This type of income usually doesn't require estimated tax payments, since the tax is taken out by the employer and sent to the government on your behalf. The withheld tax is usually more than the tax owed, which is why most people end up getting a refund at tax time.

However, you may have to pay estimated tax on this income if your withholding is not set high enough. Make sure to correctly fill out your Form W-4 for your employer to ensure that your withholding is set at the right amount.

2.2 Income not subject to withholding

Some income is not subject to withholding.

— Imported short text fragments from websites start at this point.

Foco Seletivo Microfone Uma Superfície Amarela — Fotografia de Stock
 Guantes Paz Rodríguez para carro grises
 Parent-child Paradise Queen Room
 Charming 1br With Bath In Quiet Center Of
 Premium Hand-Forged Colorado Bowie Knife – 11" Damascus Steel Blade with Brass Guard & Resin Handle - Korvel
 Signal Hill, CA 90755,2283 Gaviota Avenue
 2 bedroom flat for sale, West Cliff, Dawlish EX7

Estimated tax must be paid on income that is NOT subject to withholding (or if your withholding is not high enough).

There are some types of income from which taxes are not withheld:

  • 1099 income
  • Alimony
  • Contractor payments
  • Dividends
  • Earnings from your business
  • Gains from sales of stocks or other assets
  • Interest income
  • Prizes & awards
  • Rental income
  • Self-employment income

Taxes may or may not be withheld from:

  • Bonuses
  • Commissions
  • Gambling winnings
  • Pensions

3 When to pay estimated tax

If you have income from sources listed above, or if you don't pay enough through withholding, you may have to pay estimated tax. In general, you're required to make estimated tax payments if you expect to owe tax of $1,000 or more when you file your return, or if you owed tax with your tax return for the last year.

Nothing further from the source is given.